• Work item
Print only the lines running from the line with "Hemp Daybreaker Hooded" to the final line below, both included, exactly as written and without the pictures.
--- Source data Enclosed Below ---
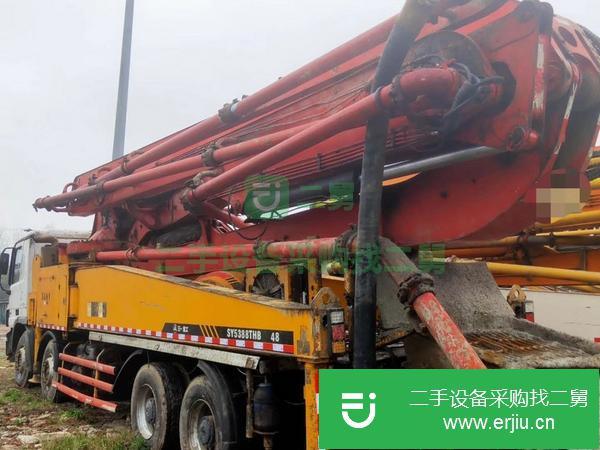 內蒙古出售二手48米泵車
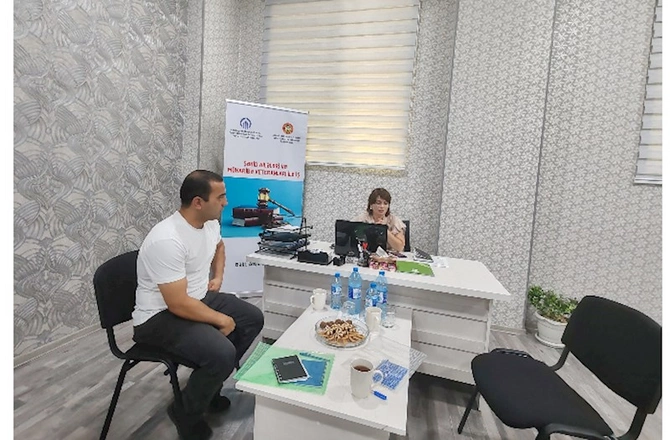 Şəhid ailələri və müharibə veteranları ilə iş adlı layihə davam edir — FOTOLAR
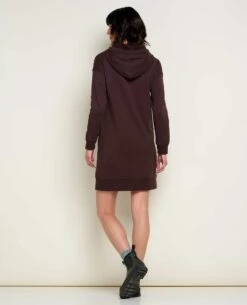 Hemp Daybreaker Hooded Dress -Toad&Co Sales Store T1781300 Carob 3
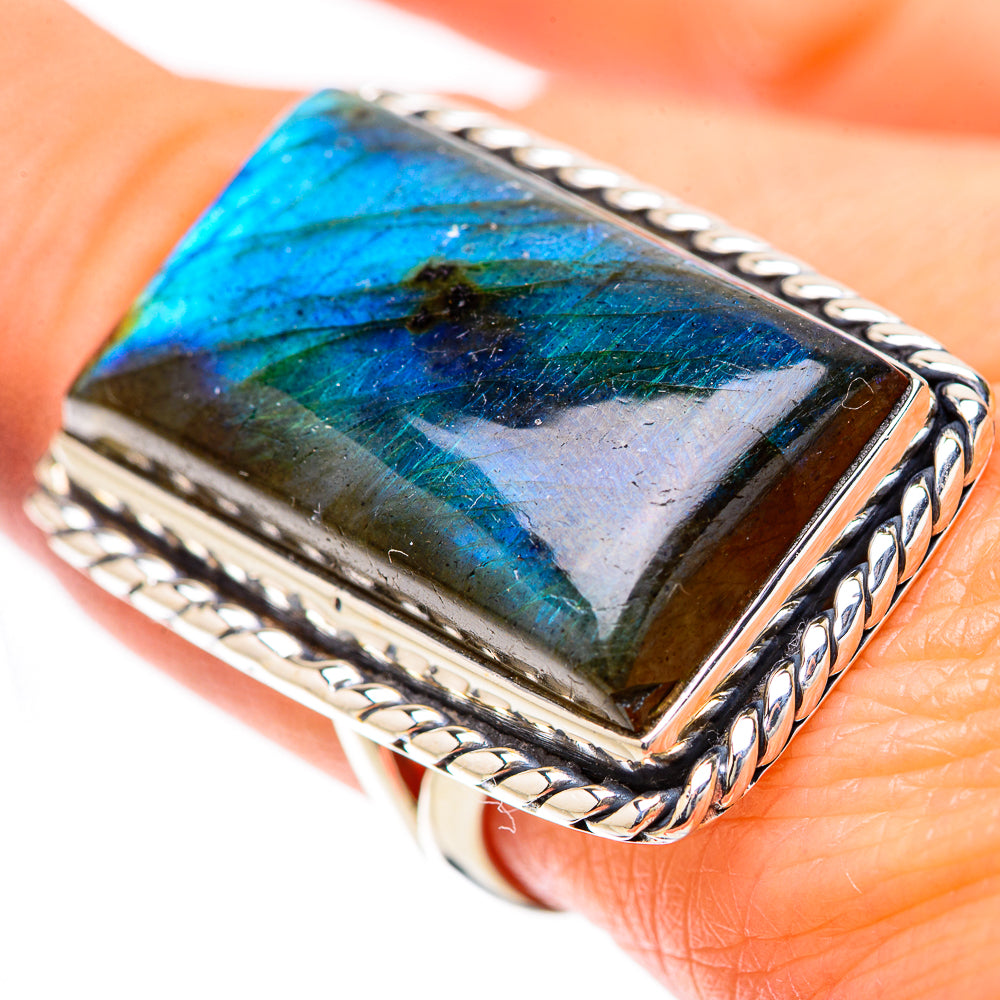 Labradorite Rings handcrafted by Anasilvercos - RING133958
--- End of Enclosed Source data ---
• Reply to the exercise
 Hemp Daybreaker Hooded Dress -Toad&Co Sales Store T1781300 Carob 3
 Labradorite Rings handcrafted by Anasilvercos - RING133958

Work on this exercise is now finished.